Wednesday, September 22, 2010

why read the archive?


When I agreed to do the exhibition, the curator Leslie Patterson mentioned that the Chicago Artists' Archive is housed in the Visual and Performing Arts Library, where my show is installed. I am a recent transplant to Chicago, and I live about a half hour outside the city, so reading the Archive allows me to learn Chicago art history during the day. I come up with many reasons not to drive down to openings (why on Friday nights? when traffic is the worst?). I wrote this post about the archive in June, which lays out a bit about the Archive and what I have been looking at.

The real reason to read this archive is its unique status as a regional open and free artist archive. While my research is far from complete, a few hours of Google searches has unearthed many archives, but none quite so beautifully simple in its conception or as extensive in its scope. If you make or made art in Chicago or the Chicago area, or were born here and went on to have an artistic career by any definition, your work belongs in the Chicago Artists' Archive. There is no curator making selections for the archive or editing it in any way. If you submit, you are included. One artist made the CAA into a public archive for his work, sending 'archival' CDs with his photographs, inventory lists, regularly updated resumes, and statements.

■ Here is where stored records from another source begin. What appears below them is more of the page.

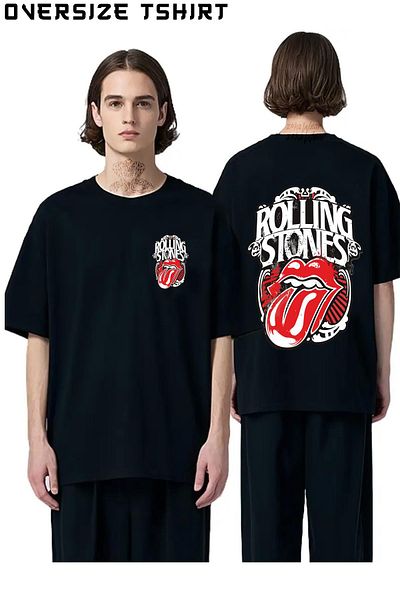 ZOKAWEAR The Rolling Stones Custom Back Printed Oversize T-Shirt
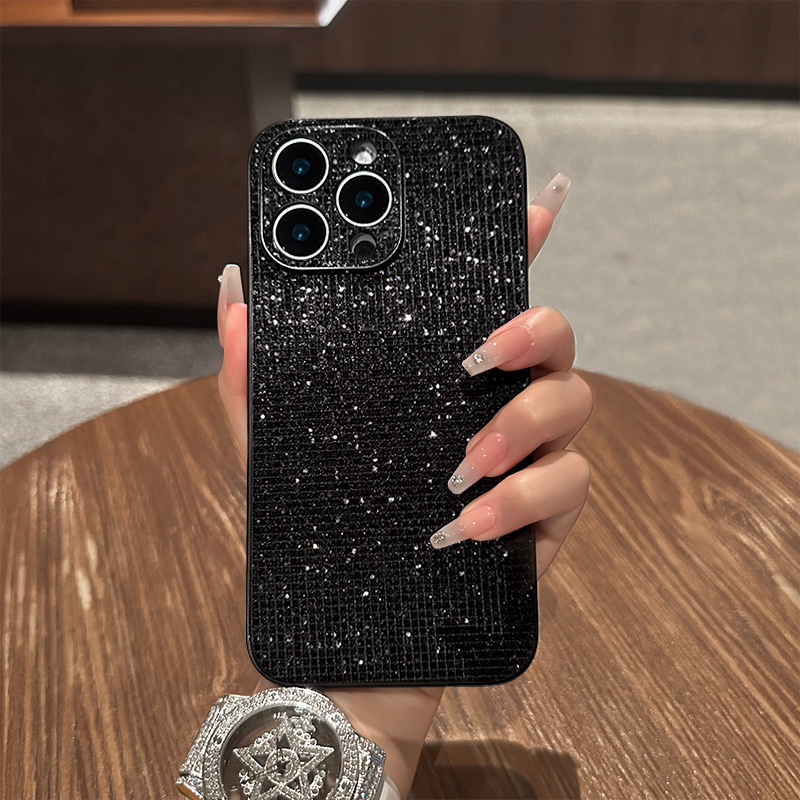 Black Sparkling Diamond Suitable for Apple 16Promax Mobile Phone Case Iphone14 Accessible Luxury High-End Sense 15 New Women's Model 13 Hard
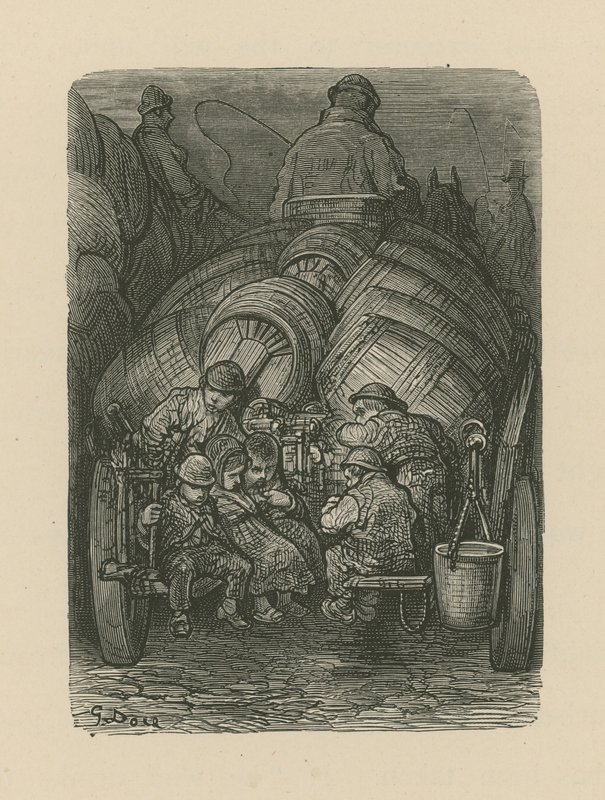 Children sitting on the back of a brewery delivery cart by Gustave Dore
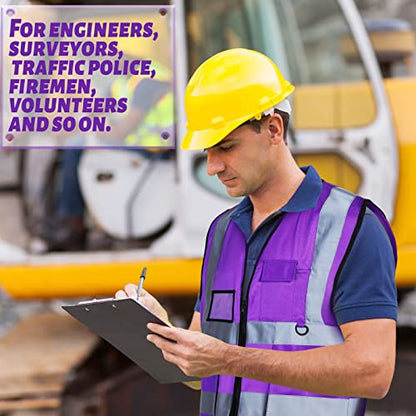 EBOOT 20 Pack Safety Vest High Visibility Reflective, Purple - color: Purple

I have learned an enormous amount already about Chicago's art scene. Of note are the longevity and significance of artist-run spaces and galleries, as well as the tremendous influence of the School of the Art Institute.  And I am only in the middle of the H's, a third of the way through.

When I am full of the archive, I walk out to see the city's public art, visit the SAIC or Columbia College student galleries, the Pop-Up Art Loop galleries, the shows at the Art Institute, and then stop at the MCA on the way back to the Northwestern shuttle bus. Every day is full of art these two months, and that is the best reason to read the archive.